Could certain streets in LA go car-free?

On Behalf of | Mar 21, 2020 | Bicycle Accidents |

Los Angeles is one of the busiest cities in the United States. It’s filled with tourist attractions that people visit by foot, bike, bus and car. Unfortunately, its bustling streets are often overcrowded.

One of the most congested streets is the infamous Hollywood Boulevard. It attracts millions of visitors each year. But if you are a bicyclist, you may have a hard time accessing this area. And if you can access it, you may not feel safe with the crowded streets.

In late January, the LA City Council proposed a plan to reduce car lanes and street parking between Argyle and La Brea Avenue. The next course of action would be to widen sidewalks and add bike lanes, landscaping and sidewalk dining. The goal is to make Hollywood Boulevard more accessible for everyone.

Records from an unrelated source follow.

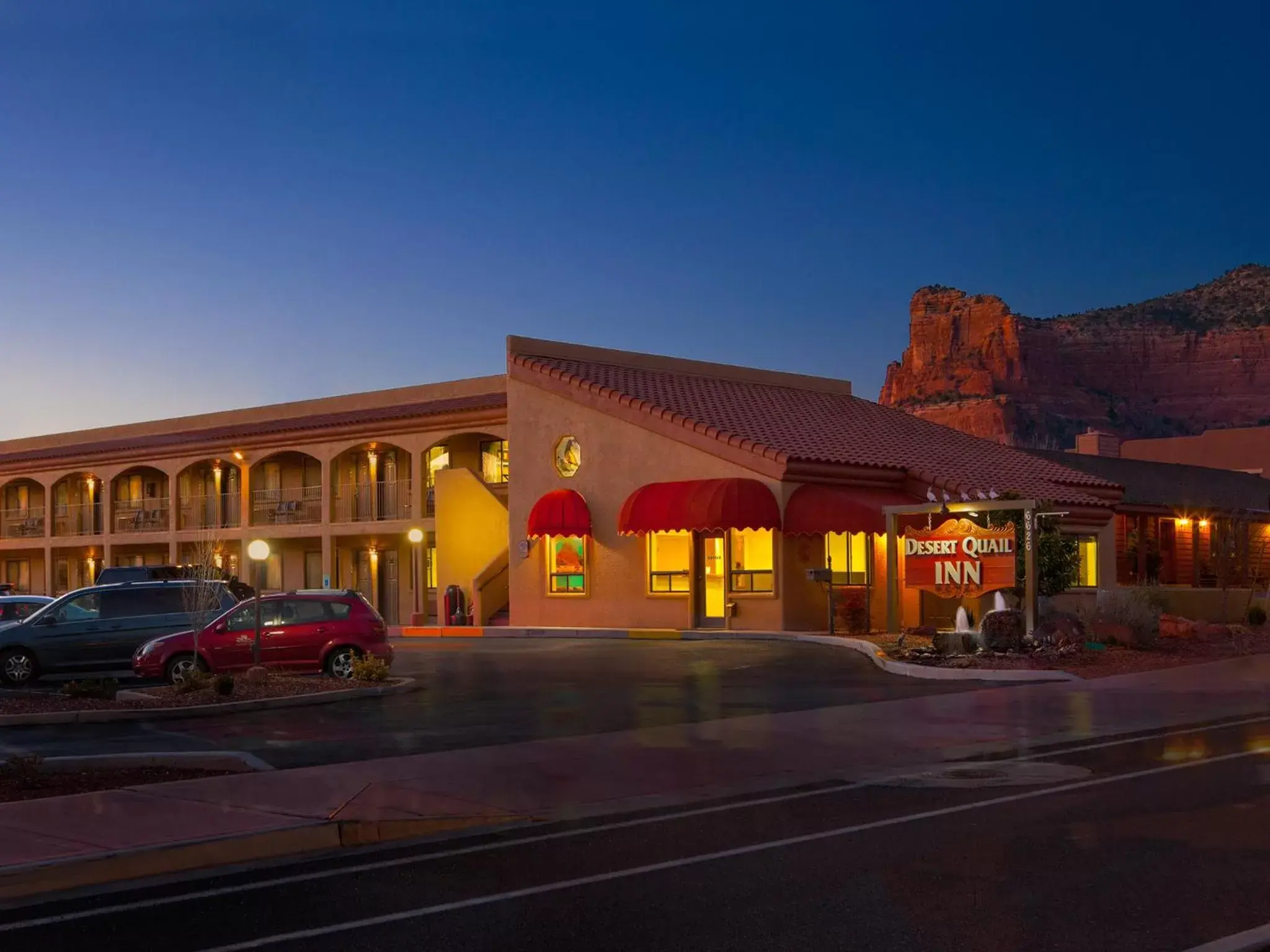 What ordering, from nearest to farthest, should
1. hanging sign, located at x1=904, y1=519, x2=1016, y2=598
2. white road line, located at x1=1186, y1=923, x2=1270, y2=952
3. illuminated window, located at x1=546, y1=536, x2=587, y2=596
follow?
white road line, located at x1=1186, y1=923, x2=1270, y2=952 → hanging sign, located at x1=904, y1=519, x2=1016, y2=598 → illuminated window, located at x1=546, y1=536, x2=587, y2=596

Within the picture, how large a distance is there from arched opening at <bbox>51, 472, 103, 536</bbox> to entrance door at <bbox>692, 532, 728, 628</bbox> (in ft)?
95.2

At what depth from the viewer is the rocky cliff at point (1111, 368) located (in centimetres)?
13662

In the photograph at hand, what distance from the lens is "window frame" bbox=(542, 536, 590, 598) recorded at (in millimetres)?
36438

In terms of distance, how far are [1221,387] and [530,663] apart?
12571 cm

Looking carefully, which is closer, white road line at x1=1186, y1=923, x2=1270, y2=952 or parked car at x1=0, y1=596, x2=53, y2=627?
white road line at x1=1186, y1=923, x2=1270, y2=952

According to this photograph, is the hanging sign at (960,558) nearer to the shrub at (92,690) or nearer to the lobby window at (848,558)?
the lobby window at (848,558)

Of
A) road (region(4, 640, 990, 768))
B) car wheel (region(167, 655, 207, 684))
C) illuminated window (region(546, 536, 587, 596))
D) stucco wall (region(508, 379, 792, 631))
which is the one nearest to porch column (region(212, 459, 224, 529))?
stucco wall (region(508, 379, 792, 631))

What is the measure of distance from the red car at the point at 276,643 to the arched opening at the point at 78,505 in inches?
1326

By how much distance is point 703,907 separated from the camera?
7980 mm

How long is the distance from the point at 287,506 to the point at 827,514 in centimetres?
2300

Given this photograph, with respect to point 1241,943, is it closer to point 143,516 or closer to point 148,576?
point 148,576

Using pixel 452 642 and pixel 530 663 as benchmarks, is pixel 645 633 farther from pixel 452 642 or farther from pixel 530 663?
pixel 530 663

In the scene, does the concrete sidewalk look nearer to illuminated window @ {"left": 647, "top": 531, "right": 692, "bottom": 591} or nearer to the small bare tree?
the small bare tree

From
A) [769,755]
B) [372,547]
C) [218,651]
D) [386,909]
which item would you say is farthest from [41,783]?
[372,547] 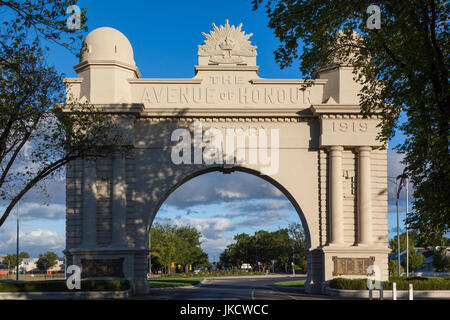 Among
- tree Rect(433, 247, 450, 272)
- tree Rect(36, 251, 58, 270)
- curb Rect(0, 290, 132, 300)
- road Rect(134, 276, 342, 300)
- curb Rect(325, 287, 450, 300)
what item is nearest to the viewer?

The widened sidewalks and bike lanes could also make the area less dangerous for those who frequent it by foot and bike. Some have even advocated for Hollywood Boulevard to go completely car-free. They believe this would make it an even safer space for bicyclists and walkers.

Should more streets go car-free?

The idea of car-free streets is not unheard of. Almost all cars were recently banned from San Francisco’s Market Street. Here are a few other booming LA streets that could potentially thrive without vehicles:

  • Alvarado Street: This is one of the most transit-dependent areas of LA, and it already has three scramble sidewalks to benefit pedestrians. It also contains a lot of street vendors. Closing the streets to cars would allow more space to sell and buy these goods.
  • Grand Avenue: This street houses several major cultural destinations and there are more projects in the works. However, its sidewalks are simply too small. Banning cars would allow more sidewalk or bike lane space, and it’d still be very accessible by bus.
  • Broadway: Traffic lanes here have already been shrinking to accommodate new entertainment and shopping locations. It’s important to provide adequate space for tourists and locals to enjoy these new businesses.
  • Santa Monica Boulevard: Santa Monica Boulevard is already closed for many events throughout the year. It’s equipped with great walking space, bike lanes and public transportation. Without vehicles, visitors could fully utilize it.

Whether or not Hollywood Boulevard eventually goes entirely car-free or other streets follow its lead, reducing traffic is a good place to start. Not only could this change make the street more accessible, but it could also make it safer for everyone.